While Senior Chief Chiwala of Masaiti District recently exposed a cartel of unscrupulous people who were engaged in fraudulently distributing land in his chiefdom involving thousands of hectares, Government’s efforts to abate the rot should be supported.
The traditional leader told me in an interview that he was writing to Government investigative wings and other relevant institutions to help him come up with a formidable report on how land was illegally acquired in his chiefdom.
He vowed to engage the Ministry of Agriculture, Lands Department and Anti-Corruption Commission (ACC) to help him get to the root of the land scandal which forced him to cancel all land permits and further suspend issuance of title deeds and demarcation of land.
My exploration into the matter, after perusing through forged documents at his palace which were crafted to be used as legal documents to obtain title deeds from Government, grimly showed that illegally acquired land in the chiefdom effectively involved the in-out-of some corrupt public officials from the local authority and public departments.
Kitwe District Land Alliance (KDLA) coordinator Jestina Kunda calls on the Ministry of Lands to urgently audit the councils and ensure that local authorities account for the money collected to service plots because the current land allocation system was gravely flawed.
Ms Kunda tells me that Government’s decision to suspend allocation of sub-serviced plots of land by local authorities was a welcome development, adding that it was paramount that people should demand the Land Policy from their members of Parliament (MPs) in order to know the guidelines on how land was being managed in the country.
She complains that the Land Policy, which has been in draft form since 2007, was not a working document.

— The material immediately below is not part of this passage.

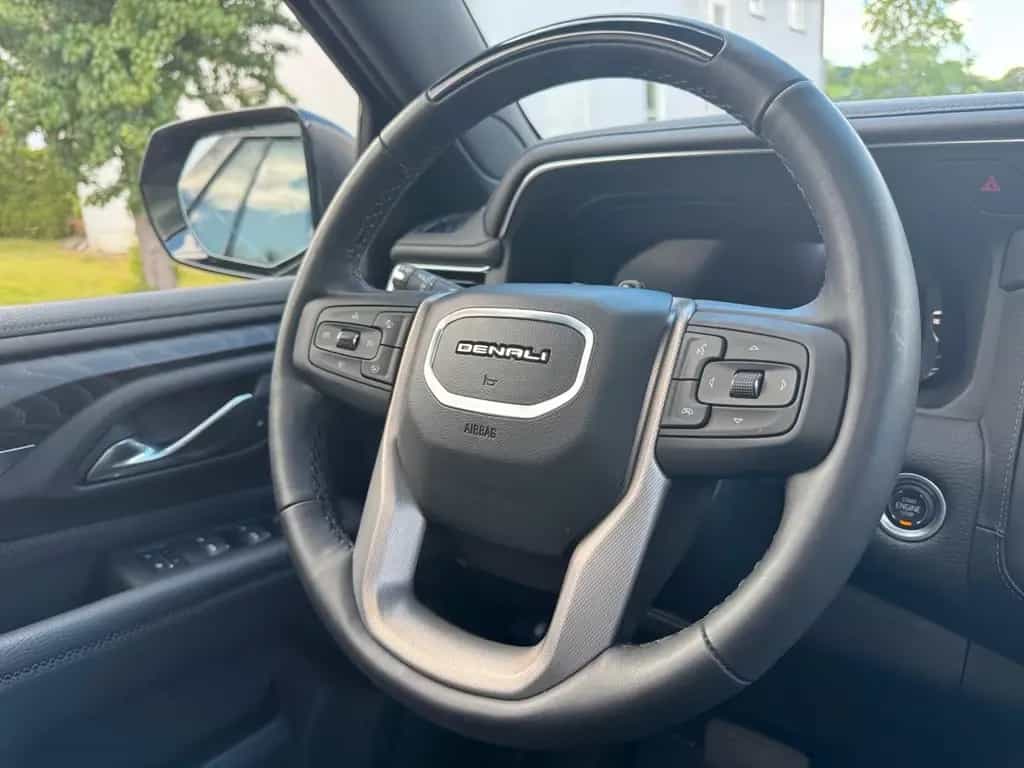 GMC Yukon Denali//LPG//"24"LA CANTI"//ALL BLACK// 03/2026-photo-15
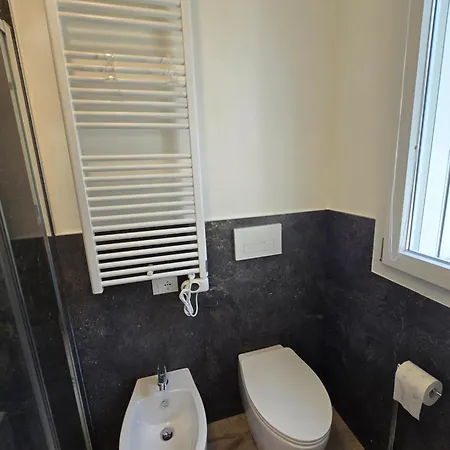 아파트 Home23jesolo! Beach, Parking And Bikes Included *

“KDLA wonders how the Government has continued to administer land without a policy because the policy gives guide to the Land Act. The absence of the Land Policy has resulted in a lot of gaps in the manner land is being administered and that is how there are a lot of disputes surrounding land allocation and management,” she argues.
In 2010, an inter-ministerial taskforce was formed to address land acquisition with the prime role of looking at matters relating to land administration and its acquisition.
This came at the heels of the lofty rate at which land was corruptly exchanging oiled-hands with money.
Copperbelt Minister Mwenya Musenge tells me that illegal land allocation was a chief problem that should be fought from all angles and that Government was putting in place strategies to address all forms of corruption in councils.
He was comfortably aware of corruption in society and by extension, Minister Musenge says he was also aware that some cartels had been forced in the councils to the extent of defrauding the Constituency Development Fund (CDF) and vehemently articulated public concern.
He assures that Government was closing in on the culprits. Some people have been informed that the land belongs to another person despite having letters of offer from the council.
There have been cases in Lusaka and elsewhere where the registers may reflect two people holding on title deeds for the same land.
With the current illegal land allocation dilemma, Lands Minister Wylbur Simuusa says Government will only start allocating land banks meant for commercial purposes after a land audit has been concluded which was expected to start in August last year and that those implicated in the land scam would be forced to dance to the legal gauntlet.
Aptly so, Minister Simuusa’s suspension of allocation of land by all councils in the country was not a stray attempt to halt the bane.
As Government confronts the plaque, there is also every need to generate massive public sensitisation among all stakeholders on the need to acquire land using legally applied mechanisms.
More so, Government should make the broom at all councils in the country sweep out the putrid progeny which has formed to steal State land from the poor.
Otherwise, the question to ponder which also supplicates obvious rejoins remains: Is the hand of some councillors going to continue to be a ripe recipe to accelerate official antics associated illegal land allocation.